Question

100% modulation in FM means
\[{\mathbf{A}}.\;\;\;\;{\mathbf{Actual}}{\text{ }}{\mathbf{frequency}}{\text{ }}{\mathbf{deviation}}{\text{ }} > {\text{ }}{\mathbf{maximum}}{\text{ }}{\mathbf{allowed}}{\text{ }}{\mathbf{frequency}}{\text{ }}{\mathbf{deviation}}\]
\[{\mathbf{B}}.\;\;\;\;{\mathbf{Actual}}{\text{ }}{\mathbf{frequency}}{\text{ }}{\mathbf{deviation}}{\text{ }} = {\text{ }}{\mathbf{maximum}}{\text{ }}{\mathbf{allowed}}{\text{ }}{\mathbf{frequency}}{\text{ }}{\mathbf{deviation}}\]
\[{\mathbf{C}}.\;\;\;\;{\mathbf{Actual}}{\text{ }}{\mathbf{frequency}}{\text{ }}{\mathbf{deviation}}{\text{ }} \geqslant {\text{ }}{\mathbf{maximum}}{\text{ }}{\mathbf{allowed}}{\text{ }}{\mathbf{frequency}}{\text{ }}{\mathbf{deviation}}\]
\[{\mathbf{D}}.\;\;\;\;{\mathbf{Actual}}{\text{ }}{\mathbf{frequency}}{\text{ }}{\mathbf{deviation}}{\text{ }} \leqslant {\text{ }}{\mathbf{maximum}}{\text{ }}{\mathbf{allowed}}{\text{ }}{\mathbf{frequency}}{\text{ }}{\mathbf{deviation}}\]

Answer 1

Hint:
Carrier wave is a continuous electromagnetic wave having a constant amplitude and frequency. It does not carry any information itself. Signal wave is a wave that carries information by either varying frequency or varying amplitude. Modulation is defined as the process of varying one or multiple properties of a carrier wave by superimposing it with a signal wave.
When the signal wave has constant amplitude but varying frequency, the signal wave is said to be Frequency Modulated. Similarly, When the signal wave has constant frequency but varying amplitude, the signal wave is said to be Amplitude Modulated.
FM stands for Frequency Modulation. So, Frequency Modulation is aptly defined as changing the frequency of the carrier wave by superimposing the signal wave on top of it.

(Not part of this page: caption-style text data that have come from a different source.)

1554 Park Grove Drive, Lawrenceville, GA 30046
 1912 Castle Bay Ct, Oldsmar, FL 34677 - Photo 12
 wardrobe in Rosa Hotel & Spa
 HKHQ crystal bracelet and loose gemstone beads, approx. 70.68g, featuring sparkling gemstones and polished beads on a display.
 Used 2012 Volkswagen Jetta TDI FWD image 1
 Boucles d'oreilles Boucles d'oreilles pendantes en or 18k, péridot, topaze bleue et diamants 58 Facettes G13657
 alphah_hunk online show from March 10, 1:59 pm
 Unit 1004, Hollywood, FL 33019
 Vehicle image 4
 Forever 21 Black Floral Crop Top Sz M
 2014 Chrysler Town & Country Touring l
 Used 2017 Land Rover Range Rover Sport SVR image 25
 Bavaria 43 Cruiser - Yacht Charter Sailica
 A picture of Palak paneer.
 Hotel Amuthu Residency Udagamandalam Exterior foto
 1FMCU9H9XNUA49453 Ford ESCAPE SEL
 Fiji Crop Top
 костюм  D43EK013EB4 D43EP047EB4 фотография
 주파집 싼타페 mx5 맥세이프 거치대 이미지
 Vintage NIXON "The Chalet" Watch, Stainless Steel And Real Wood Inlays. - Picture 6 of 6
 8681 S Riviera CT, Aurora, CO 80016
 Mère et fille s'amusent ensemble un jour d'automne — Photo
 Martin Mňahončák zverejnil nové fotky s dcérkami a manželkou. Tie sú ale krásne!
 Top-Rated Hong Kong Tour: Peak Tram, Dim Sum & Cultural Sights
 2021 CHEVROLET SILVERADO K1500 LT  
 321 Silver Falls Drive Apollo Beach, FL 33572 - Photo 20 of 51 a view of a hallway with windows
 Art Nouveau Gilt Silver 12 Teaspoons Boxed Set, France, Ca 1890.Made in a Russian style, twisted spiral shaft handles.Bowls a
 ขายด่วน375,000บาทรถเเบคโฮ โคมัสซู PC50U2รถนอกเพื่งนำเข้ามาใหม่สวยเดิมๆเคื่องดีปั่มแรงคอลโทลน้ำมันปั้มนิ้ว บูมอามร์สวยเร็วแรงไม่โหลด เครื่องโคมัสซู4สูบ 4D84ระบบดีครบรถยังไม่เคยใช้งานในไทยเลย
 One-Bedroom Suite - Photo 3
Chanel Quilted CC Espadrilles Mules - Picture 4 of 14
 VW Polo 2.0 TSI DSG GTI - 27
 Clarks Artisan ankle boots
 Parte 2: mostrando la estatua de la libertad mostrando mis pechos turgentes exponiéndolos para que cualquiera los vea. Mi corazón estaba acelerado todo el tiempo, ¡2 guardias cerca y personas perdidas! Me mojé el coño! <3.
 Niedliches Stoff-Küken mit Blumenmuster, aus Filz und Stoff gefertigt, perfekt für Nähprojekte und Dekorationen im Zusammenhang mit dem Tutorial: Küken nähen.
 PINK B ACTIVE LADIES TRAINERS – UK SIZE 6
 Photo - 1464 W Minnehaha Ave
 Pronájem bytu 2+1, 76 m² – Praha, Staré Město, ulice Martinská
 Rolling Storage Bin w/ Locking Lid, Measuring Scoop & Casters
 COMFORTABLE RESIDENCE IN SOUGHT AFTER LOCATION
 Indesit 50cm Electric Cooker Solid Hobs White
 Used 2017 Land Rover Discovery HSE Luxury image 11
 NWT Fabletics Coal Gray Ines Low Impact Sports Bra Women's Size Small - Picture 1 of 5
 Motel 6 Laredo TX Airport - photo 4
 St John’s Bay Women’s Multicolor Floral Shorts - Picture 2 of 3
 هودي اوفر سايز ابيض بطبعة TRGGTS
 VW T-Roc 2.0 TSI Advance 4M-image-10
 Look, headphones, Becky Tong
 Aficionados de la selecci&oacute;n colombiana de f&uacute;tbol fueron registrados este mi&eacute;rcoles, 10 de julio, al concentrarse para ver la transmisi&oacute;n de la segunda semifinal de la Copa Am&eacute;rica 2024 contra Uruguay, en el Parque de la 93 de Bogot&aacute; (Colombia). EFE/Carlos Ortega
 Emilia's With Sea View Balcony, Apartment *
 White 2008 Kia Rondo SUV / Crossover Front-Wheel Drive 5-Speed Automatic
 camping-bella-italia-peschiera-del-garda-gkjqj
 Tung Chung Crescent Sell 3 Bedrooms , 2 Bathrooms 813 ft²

$m = \dfrac{{Actual{\text{ }}frequency{\text{ }}deviation}}{{Maximum{\text{ }}allowed{\text{ }}frequency{\text{ }}deviation}} \times 100\% $
where m is the modulation percentage.
The above formula can also be used for amplitude modulation. In that case, we replace frequency with amplitude.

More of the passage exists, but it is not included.